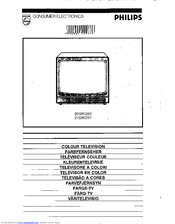 Philips 20GR1250, 21GR1251 : Mode d'emploi | AI Chat & PDF | Fixfr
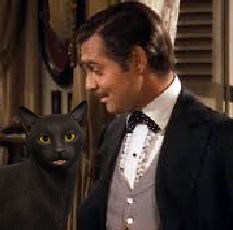cat with Rhett Butler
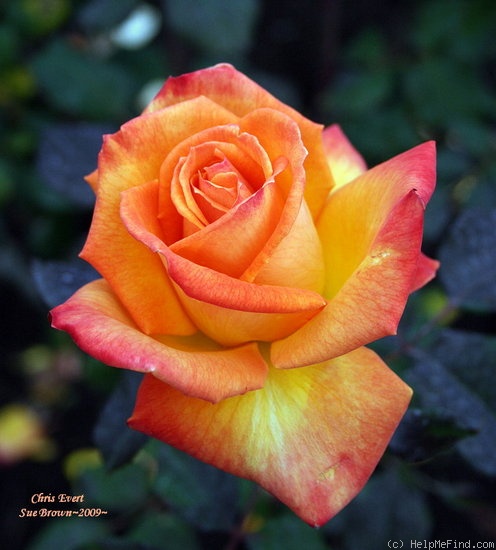 'Chris Evert ™' rose photo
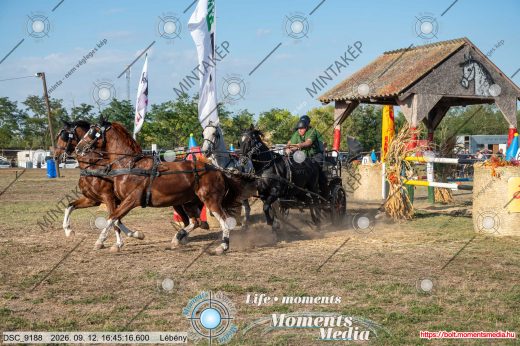 Mintakép 20260912-2238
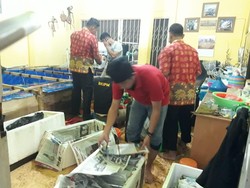Polisi Gerebek Gudang Penampungan 56.306 Benih Lobster di Jambi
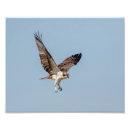 Search for osprey bird posters Raptor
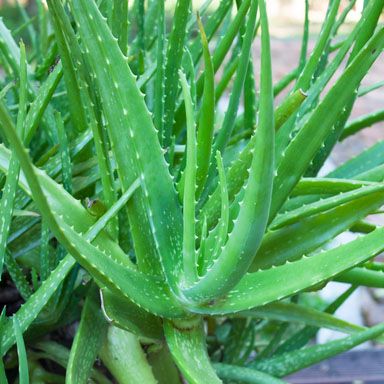 Aloe vera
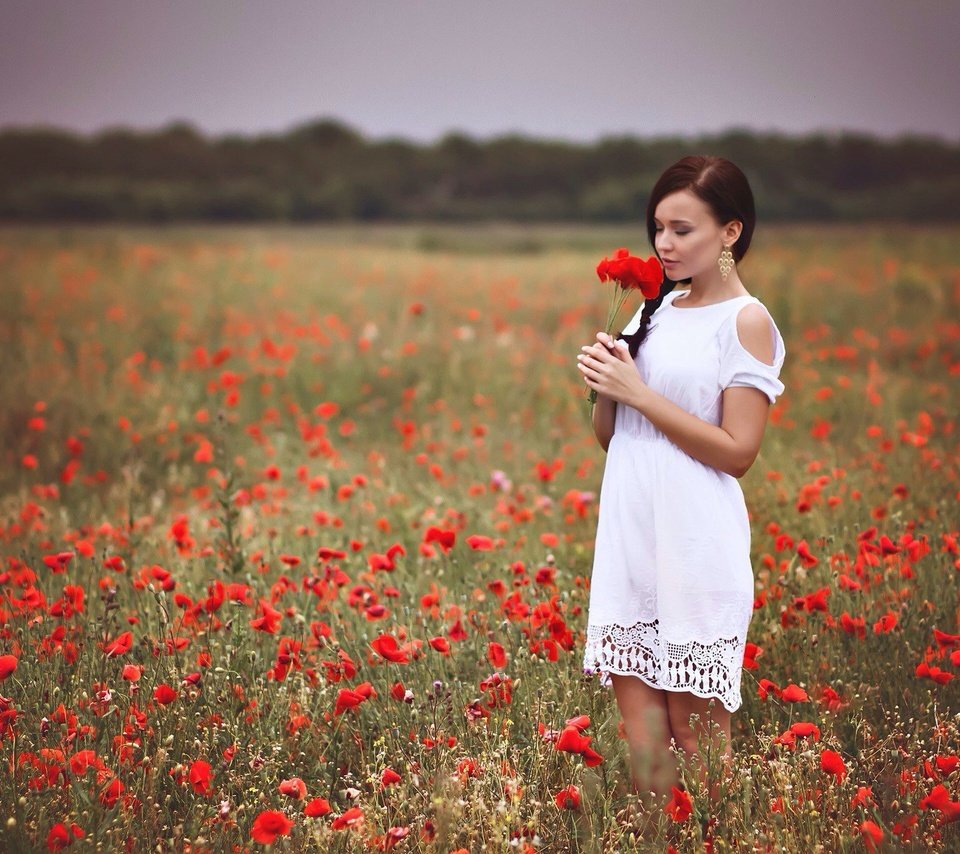 Обои девушка, платье, поле, красные, маки, руки, белое платье, girl, dress, field, red, maki, hands, white dress разрешение 2048x1364 Загрузить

*Task:*
The lines from the one containing "Evert ™' rose photo" through the last line of the data above are to be transcribed exactly, both included, with all pictures left out.

*Solution to the problem:*
 'Chris Evert ™' rose photo
 Mintakép 20260912-2238
Polisi Gerebek Gudang Penampungan 56.306 Benih Lobster di Jambi
 Search for osprey bird posters Raptor
 Aloe vera
 Обои девушка, платье, поле, красные, маки, руки, белое платье, girl, dress, field, red, maki, hands, white dress разрешение 2048x1364 Загрузить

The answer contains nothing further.